**Brief descriptive captions:**
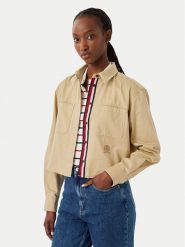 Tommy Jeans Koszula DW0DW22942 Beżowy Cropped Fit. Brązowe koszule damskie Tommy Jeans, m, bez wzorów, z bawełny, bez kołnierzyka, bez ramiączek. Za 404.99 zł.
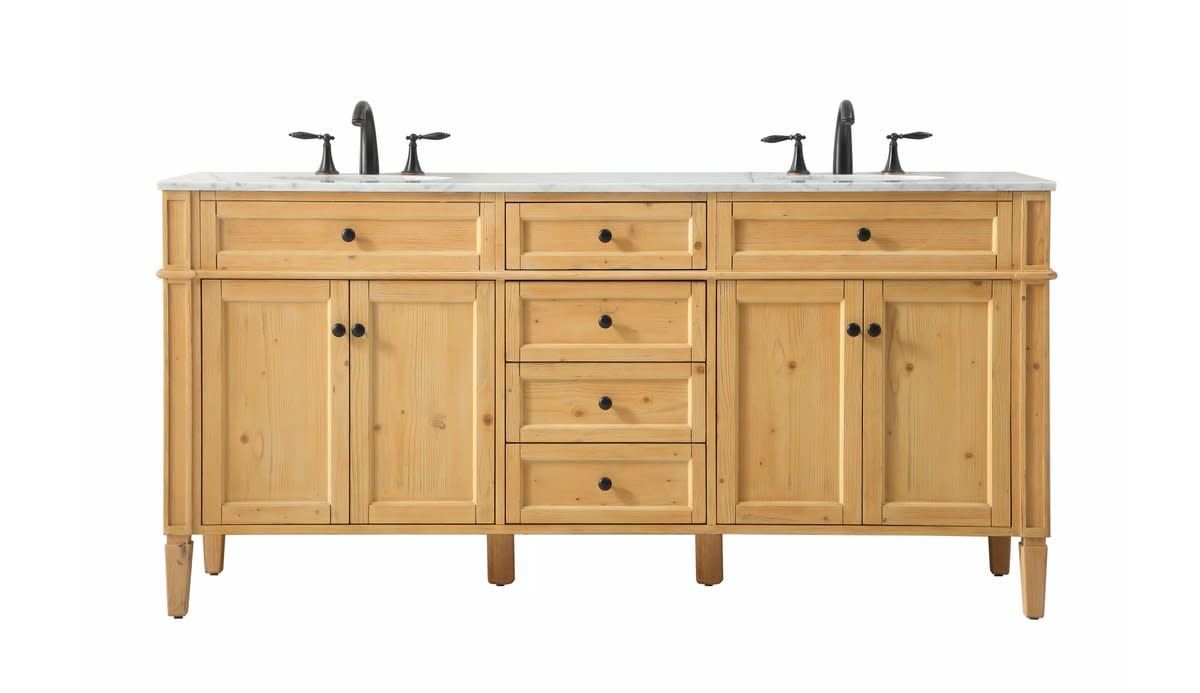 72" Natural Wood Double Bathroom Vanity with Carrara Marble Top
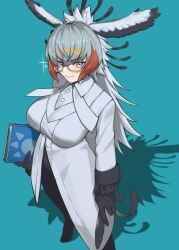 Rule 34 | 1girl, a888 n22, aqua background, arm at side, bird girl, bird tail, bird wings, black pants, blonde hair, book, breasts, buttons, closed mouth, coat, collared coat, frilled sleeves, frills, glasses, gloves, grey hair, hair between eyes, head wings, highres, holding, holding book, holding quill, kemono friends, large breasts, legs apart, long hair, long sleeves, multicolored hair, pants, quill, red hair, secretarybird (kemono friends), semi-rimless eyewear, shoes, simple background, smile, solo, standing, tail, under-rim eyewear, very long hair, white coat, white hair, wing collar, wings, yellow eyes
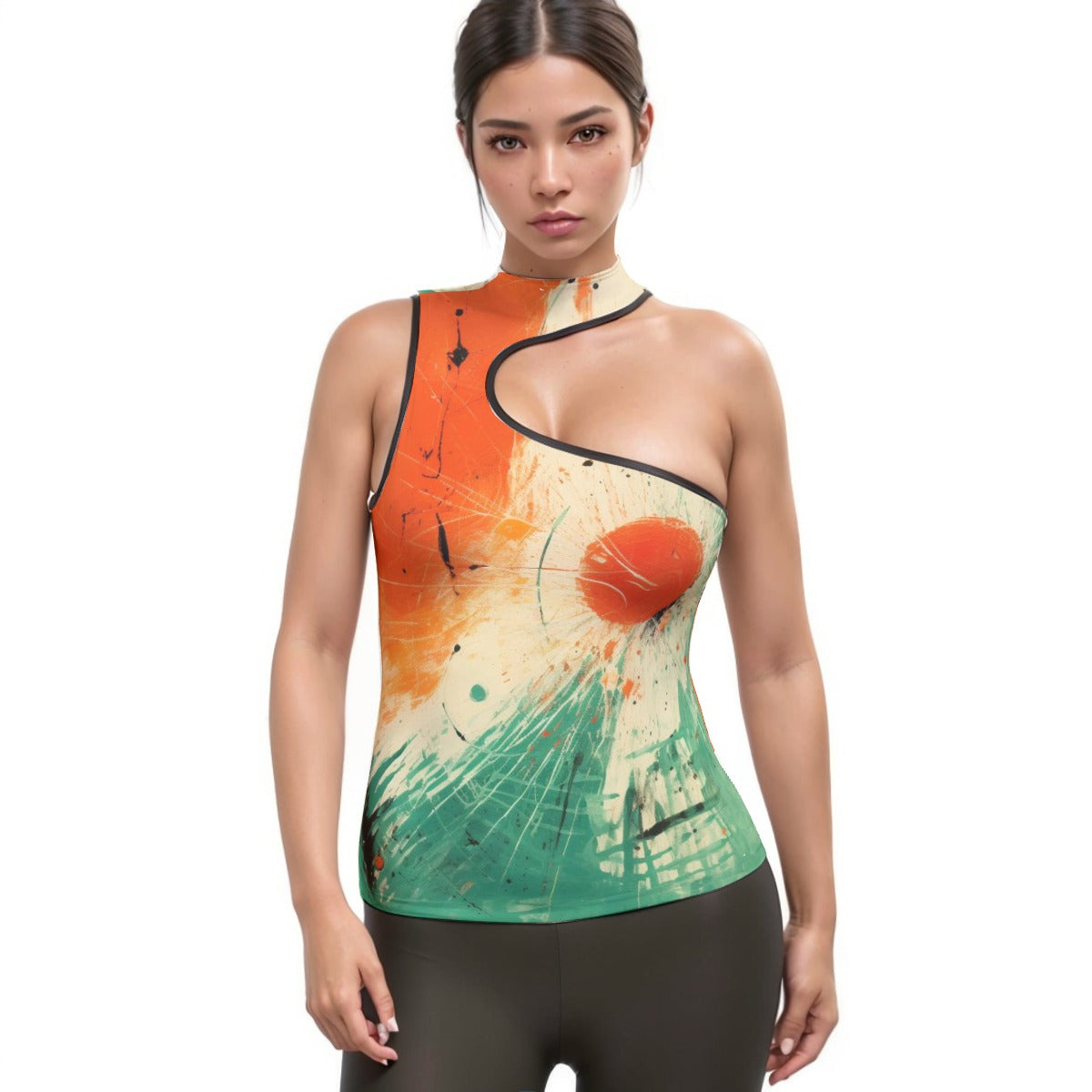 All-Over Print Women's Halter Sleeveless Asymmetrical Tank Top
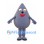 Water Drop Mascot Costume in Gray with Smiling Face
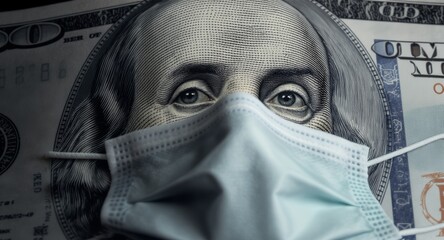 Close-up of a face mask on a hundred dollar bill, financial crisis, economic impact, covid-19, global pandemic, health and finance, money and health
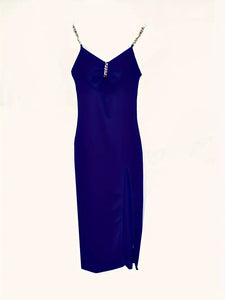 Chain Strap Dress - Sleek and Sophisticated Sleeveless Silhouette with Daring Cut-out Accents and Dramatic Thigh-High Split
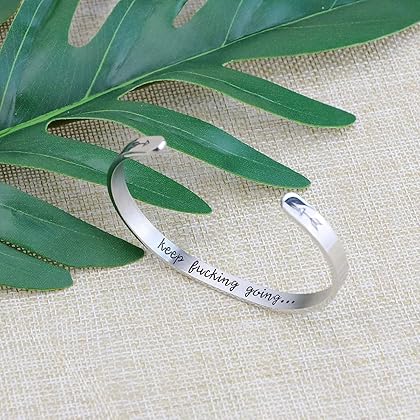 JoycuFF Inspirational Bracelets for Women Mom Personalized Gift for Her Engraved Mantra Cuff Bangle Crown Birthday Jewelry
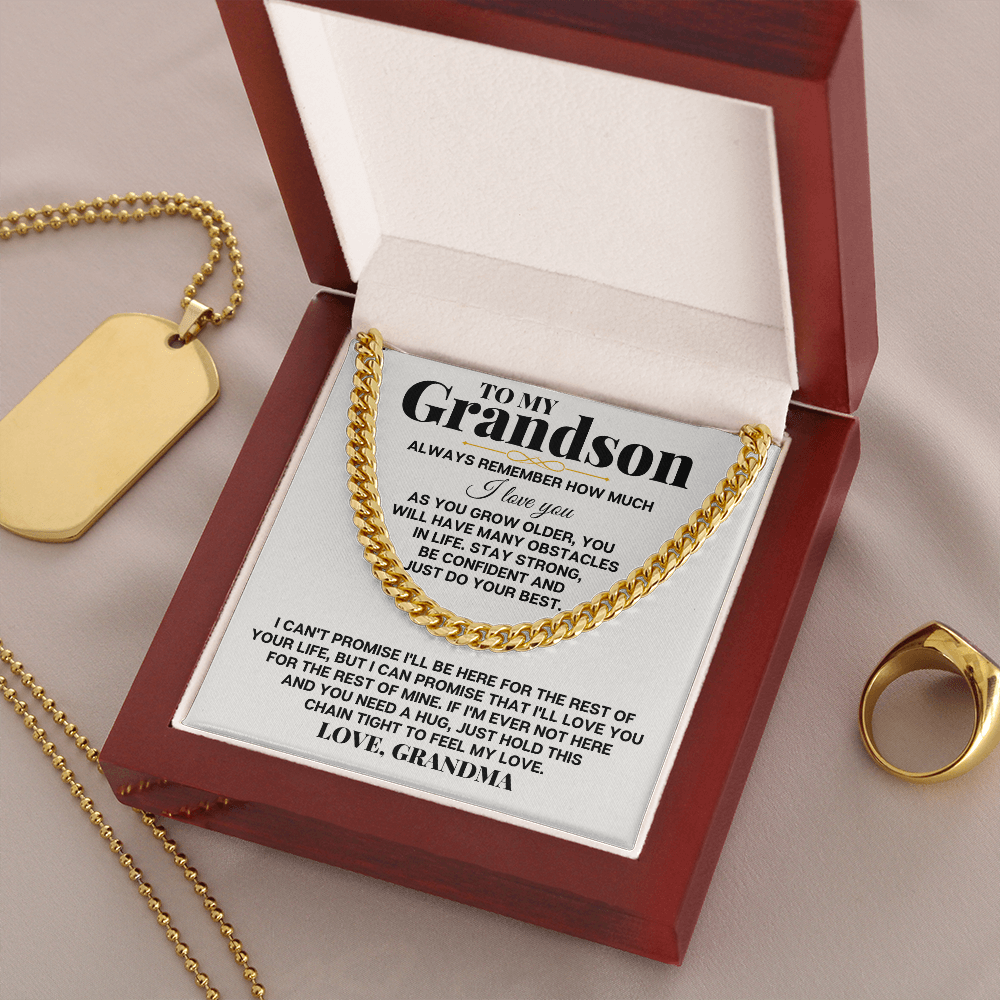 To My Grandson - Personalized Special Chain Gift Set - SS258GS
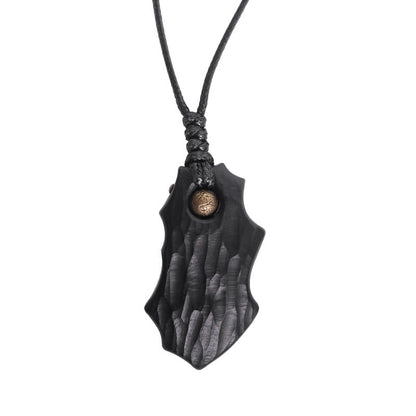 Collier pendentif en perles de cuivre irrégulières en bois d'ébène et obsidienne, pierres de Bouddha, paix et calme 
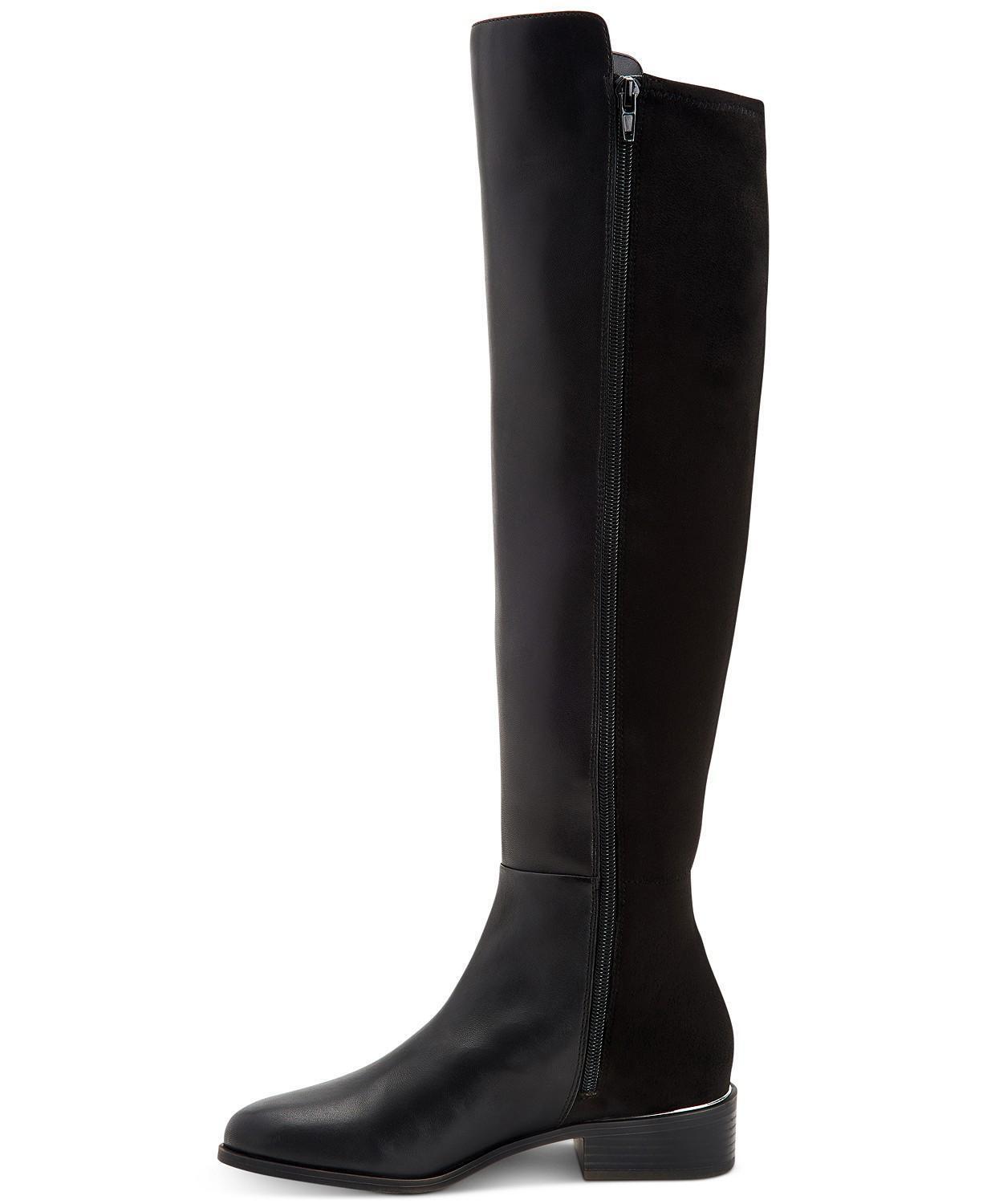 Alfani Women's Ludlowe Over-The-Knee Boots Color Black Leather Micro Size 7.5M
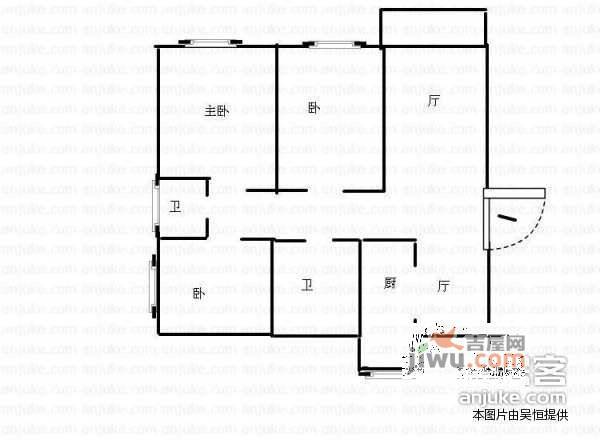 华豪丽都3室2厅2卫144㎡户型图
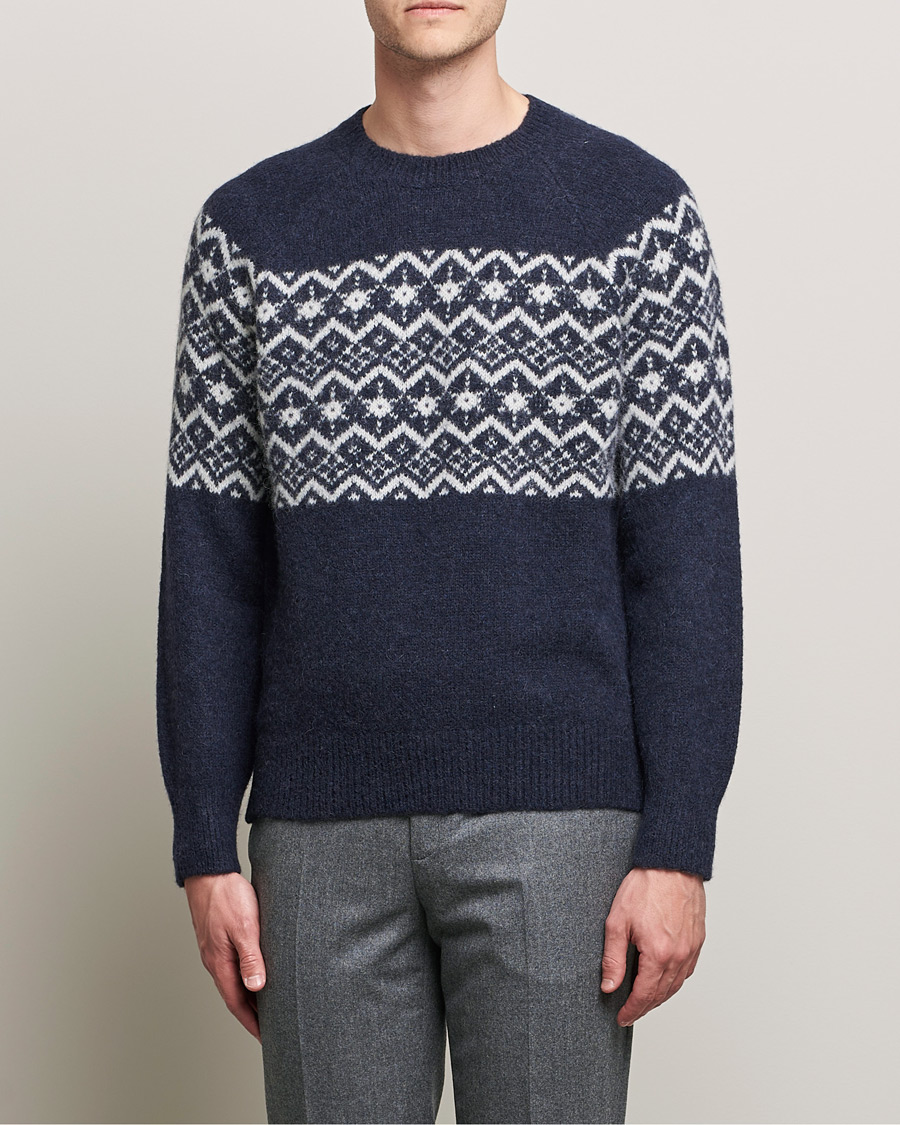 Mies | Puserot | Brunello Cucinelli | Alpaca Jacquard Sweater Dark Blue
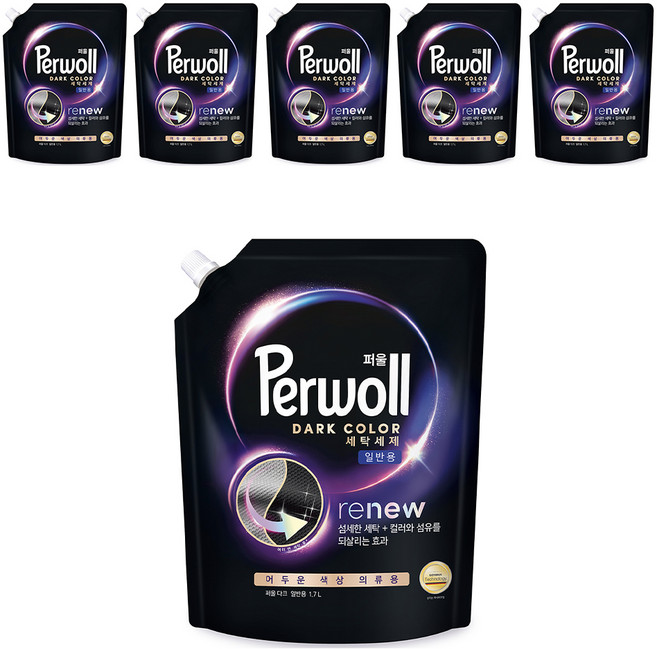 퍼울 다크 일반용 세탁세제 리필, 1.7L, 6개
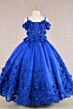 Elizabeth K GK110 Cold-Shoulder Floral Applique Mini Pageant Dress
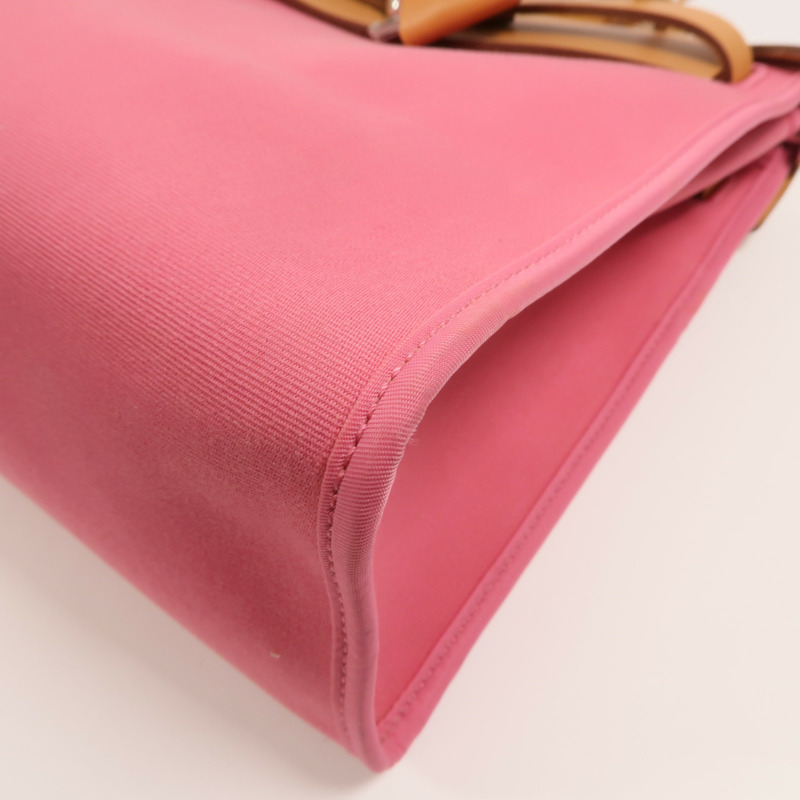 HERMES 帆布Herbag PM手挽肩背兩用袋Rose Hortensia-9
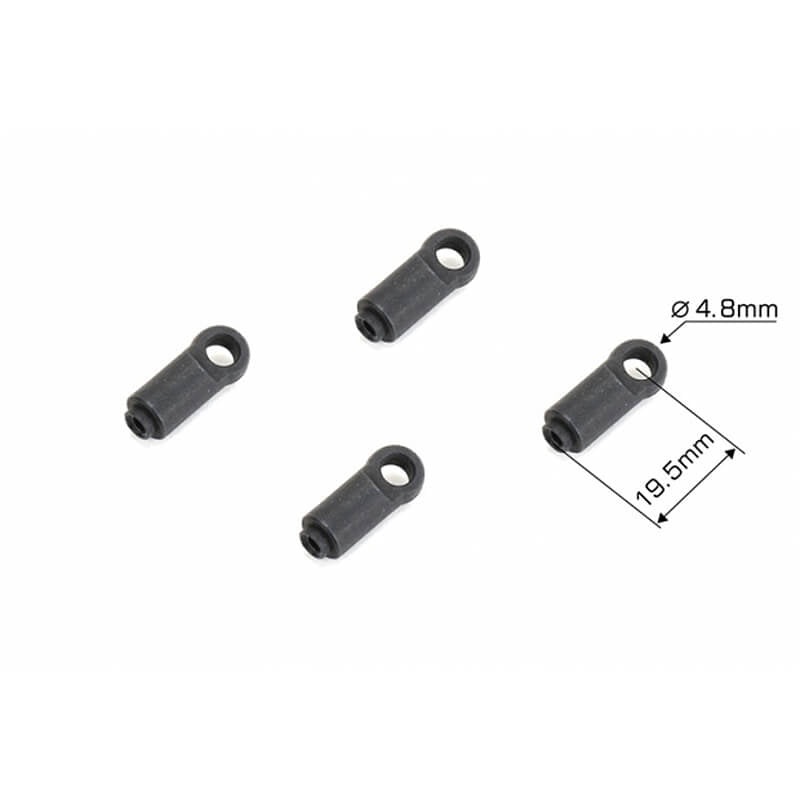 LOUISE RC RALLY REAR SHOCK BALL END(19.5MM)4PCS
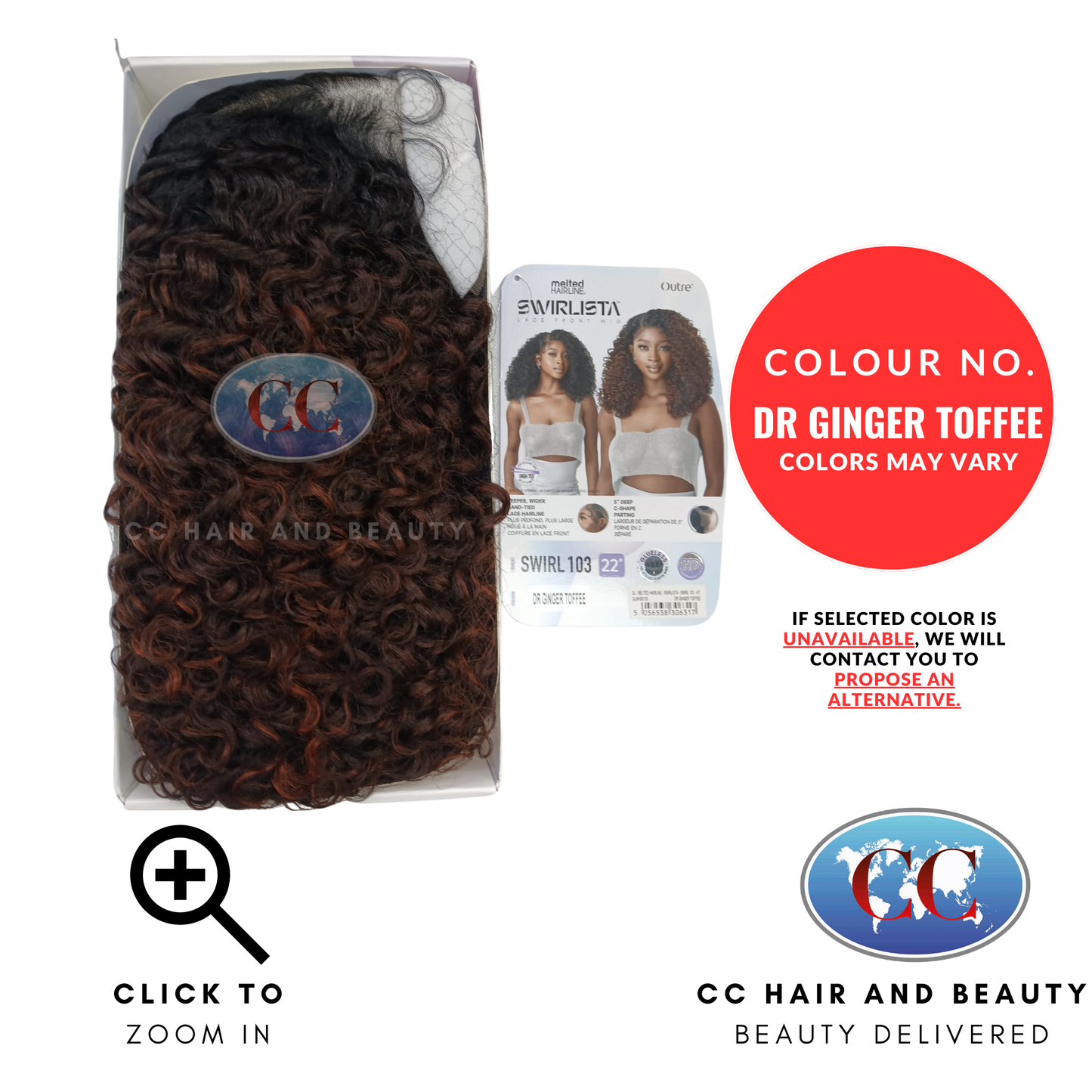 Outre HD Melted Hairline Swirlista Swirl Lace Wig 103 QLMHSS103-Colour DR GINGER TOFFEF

**Work item:**
Exclude the pictures, then retype every record exactly.

**Answer area:**
 Tommy Jeans Koszula DW0DW22942 Beżowy Cropped Fit. Brązowe koszule damskie Tommy Jeans, m, bez wzorów, z bawełny, bez kołnierzyka, bez ramiączek. Za 404.99 zł.
 72" Natural Wood Double Bathroom Vanity with Carrara Marble Top
 Rule 34 | 1girl, a888 n22, aqua background, arm at side, bird girl, bird tail, bird wings, black pants, blonde hair, book, breasts, buttons, closed mouth, coat, collared coat, frilled sleeves, frills, glasses, gloves, grey hair, hair between eyes, head wings, highres, holding, holding book, holding quill, kemono friends, large breasts, legs apart, long hair, long sleeves, multicolored hair, pants, quill, red hair, secretarybird (kemono friends), semi-rimless eyewear, shoes, simple background, smile, solo, standing, tail, under-rim eyewear, very long hair, white coat, white hair, wing collar, wings, yellow eyes
 All-Over Print Women's Halter Sleeveless Asymmetrical Tank Top
 Water Drop Mascot Costume in Gray with Smiling Face
 Close-up of a face mask on a hundred dollar bill, financial crisis, economic impact, covid-19, global pandemic, health and finance, money and health
 Chain Strap Dress - Sleek and Sophisticated Sleeveless Silhouette with Daring Cut-out Accents and Dramatic Thigh-High Split
 JoycuFF Inspirational Bracelets for Women Mom Personalized Gift for Her Engraved Mantra Cuff Bangle Crown Birthday Jewelry
 To My Grandson - Personalized Special Chain Gift Set - SS258GS
 Collier pendentif en perles de cuivre irrégulières en bois d'ébène et obsidienne, pierres de Bouddha, paix et calme 
 Alfani Women's Ludlowe Over-The-Knee Boots Color Black Leather Micro Size 7.5M
 华豪丽都3室2厅2卫144㎡户型图
 Mies | Puserot | Brunello Cucinelli | Alpaca Jacquard Sweater Dark Blue
 퍼울 다크 일반용 세탁세제 리필, 1.7L, 6개
 Elizabeth K GK110 Cold-Shoulder Floral Applique Mini Pageant Dress
 HERMES 帆布Herbag PM手挽肩背兩用袋Rose Hortensia-9
 LOUISE RC RALLY REAR SHOCK BALL END(19.5MM)4PCS
 Outre HD Melted Hairline Swirlista Swirl Lace Wig 103 QLMHSS103-Colour DR GINGER TOFFEF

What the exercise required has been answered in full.